En période de crise, les façonniers, mais aussi les fabricants-usiniers, hésitent à laisser leur personnel sans activité, car celui-ci risque à tout moment de les quitter à la recherche d’une meilleure situation. Les ouvriers partis désorganisent ainsi le tissage et nuisent à sa remise en marche lors du retour des commissions 3453 . Paradoxalement, la longévité dans l’entreprise semble plus élevée dans les entreprises ayant le moins recours à des pratiques paternalistes.

Au début du XXe siècle, les tisseuses rurales délaissent plus rarement les ateliers pendant les moissons et les vendanges, mais la pratique subsiste comme un demi-siècle plus tôt lorsque l’industrialisation pénétrait dans les campagnes 3454 .
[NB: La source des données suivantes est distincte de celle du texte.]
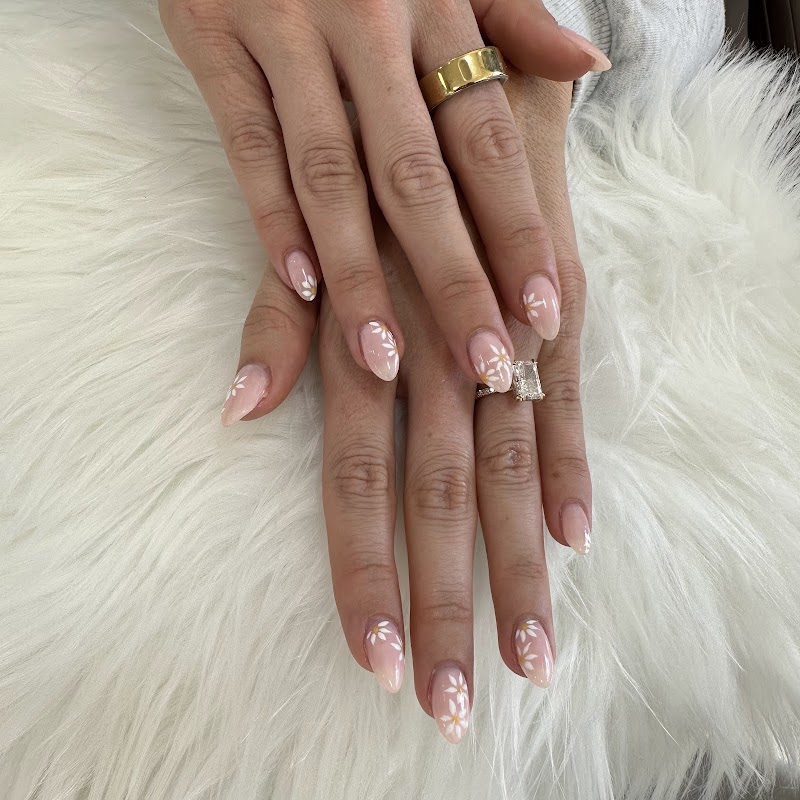 Valentine's Nails nail design by 66 Nails and Lash in Los Angeles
Il ressort donc de ces quelques exemples et contre-exemples, deux éléments d’explication possibles à ce turnover, d’une part, et à cette stabilité d’autre part. Mais dans les campagnes, le personnel conserve parfois l’habitude d’abandonner les ateliers au profit des travaux dans les champs 3455 . Pourtant, Mignot parvient à stabiliser son personnel pendant la période estivale : les absences concernent moins de 10% du personnel.

Notes
3443.

En 1869, chez Seydoux, Sieber & Cie, au Cateau, les seuls employés de la fabrique affichent une moyenne de quatorze années de longévité dans l’entreprise : 8% des employés restent plus de trente ans et 58% moins de quinze ans. En 1893, parmi le personnel de Seydoux, un tiers des deux mille quarante et un ouvriers a plus de quinze ans d’ancienneté (quatorze d’entre eux, soit 0,7%, ont plus de cinquante ans de maison derrière eux), 21% plus de vingt ans et 7,8% plus de trente ans, d’après VAILLANT-GABET (S.), 2006, vol. 2, pp. 438 et 455.

3444.

ADI, 30M4, Notice de médailles d’honneur du travail en 1907 chez Les Successeurs de Georges Montessuy .

3445.

ADI, 30M5, Notice de médailles d’honneur du travail en 1909 chez S.a. des Anciens Etablissements Alexandre Giraud .

3446.

DAUMAS (J.-C.), 1993, pp. 236-237.

3447.

ADI, 30M3, Registre de proposition de médailles du travail en 1905 et 30M4, Notice de médailles d’honneur du travail en 1907.

3448.

GINIER (J.H.), L’industrie chrétienne en notice par la manufacture de Boussieux, Lyon , Imprimerie de Duc-Perisse, sd, pp. 11-12.

3449.

Voir à ce sujet, l’exemple du Grand Bazar de Lyon , dans BEAU (A.-S.), 2004, p. 20.

3450.

ACM, Registre d’entrée du personnel de l’usine Martin.

3451.

On est loin de la stabilité des ouvriers drapiers elbeuviens. En 1891, un tiers des ouvriers a moins de trois ans d’ancienneté chez Blin & Blin, contre près de la moitié plus de cinq années. L’ancienneté progresse même au début du siècle suivant. En 1900, la moitié des ouvrières ont moins de cinq ans d’ancienneté dans les ateliers. Voir DAUMAS (J.-C.), 1993.

3452.

ADI, 9U360, Justice de Paix de Bourgoin , Règlement du tissage Paillet & Cie à Nivolas le 5 juin 1882.

3453.

BEAUQUIS (A.), 1910, p. 345.

3454.

ARDOUIN-DUMAZET, 1912, pp. 93-94.

3455.

Voir par exemple le témoignage de BOUVIER (J.), 1983, p. 61.